I'll start work on Monday in a 50% English teacher position (i.e., two blocks of English in a school on the four blocks per semester system). Tomorrow'll reveal what the blocks are (two of eleven or one of eleven and one of nine), as well as what books are in the bookroom, but for now it's just joy.

It was about eight years ago this week that I started my practicum. Frankly, that's just weird to contemplate.

Monday, January 28, 2008

...there is a limit to the frustrations which any men can endure -- even communists!

(It was either the title above or "Hey! Nothing I like better than a circus!" but the latter really needed the image of Rick Jones saying that in The Incredible Hulk #3 to make it work...)

Titles today - Fantastic Four #6-10, The Incredible Hulk #3-6, Tales to Astonish #39, Amazing Fantasy #15, and Amazing Spider-Man #1

This assortment doesn't quite get through 1963 - there's several issues of Fantastic Four to go yet, plus the Avengers' introduction - but it is a good start on catching up. Thankfully, this week marks the end of the first term of studies here in BC. This means two things - there's a bit of spare time to permit me some expansive blogging, and that openings for the second term need to be filled. The Globe and Mail online reminded me that prospective employers google candidates, and a quick check of my name yielded up my name at Old is the New New... and reminded me to blog. And so!

Today the selection of heroes increases substantially on this blog. I know that I've already done a fair bit on the X-Men, but I decided last year to go back and try to work through the titles from the sixties more or less as they appeared. Now, I don't have every title out there - I'm not sure where Ant-Man first appeared, and I'll probably be able to get by without Thor - but I'm pretty sure that I've got much of the Marvel that I'll need. But until these issues start to feature monthly checklists, ads for other Marvel titles on newsstands that month, or a full complement of 12 issues in a year on the DVD-ROMS, I'll have to guess for a bit. (Basically, it's all good once we get out of 1963.)

Briefly, Fantastic Four #6-10 feature Dr. Doom and the Sub-Mariner teaming up, Kurrgo (the Master of Planet X) kidnapping the FF to force them to save his planet, the introduction of the Puppet Master, Namor's attempt to lure the FF to their doom... in Hollywood, and Dr. Doom's return (in the offices of Marvel Comics)/identity switch with Mr. Fantastic/reduction to subatomic size.

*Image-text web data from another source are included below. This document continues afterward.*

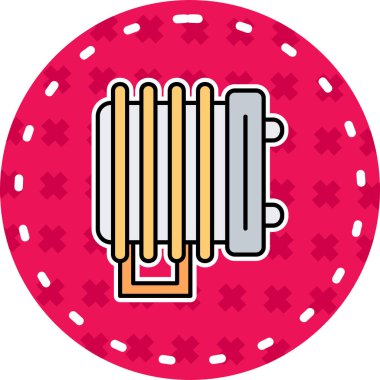 Amerikan bayrak ikonu vektör illüstrasyonu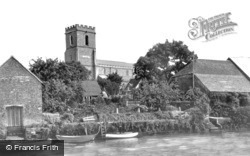 St Mary's Church From The River c.1960, Wareham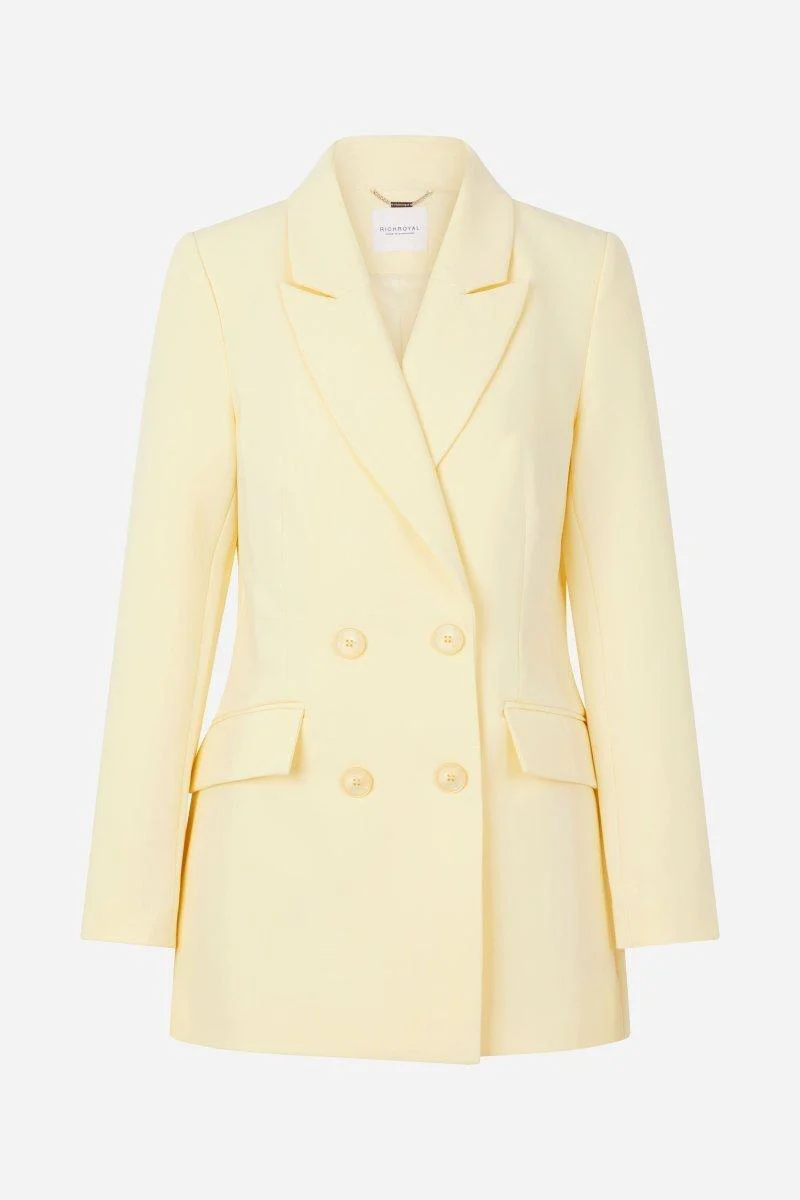 Gelber Blazer mit Taillierung - Image 3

"Scientifically," though, things are happening in most of these issues. Doom plays on the Sub-Mariner's heartstrings (cliches are contagious, sorry) by reminding Namor that "the glistening towers of your once-great civilization" were destroyed when "the barbarians from the surface [conducted] their underwater H-bomb test in this particular area..."(#6, page 8) Doom then demonstrates his a miniaturized supermagnet "grabber" ("Magnetic force is unlimited! And when it is amplified, it has the strength of giants!"), and Namor agrees to plant it in the Baxter Building. (When he flies free from the ocean, Namor is mistaken for an American Polaris missile test by a passing jet. We'll take up the mistaken military-industrial complex/superheroic later on.) Once the magnet's planted, of course, Doom turns on all of them and tries to hurl the entire skyscraper into the sun. (I'll accept the supposition that this tin-can sized device can effect such force, but it's just odd that it'd seamlessly unfix the building from its foundation.) Anyhow, Namor and the FF team up, Doom's hurled off into space by a speeding meteor, and the Baxter Building returns to earth under the cover of darkness. (Narrator's breathless commentary: "...and the stray individuals who later witness the silent return of the Baxter Building from the skies write it off as a bad dream... an hallucination resulting from the anxieties that plague our nuclear society..." (#6, page 23)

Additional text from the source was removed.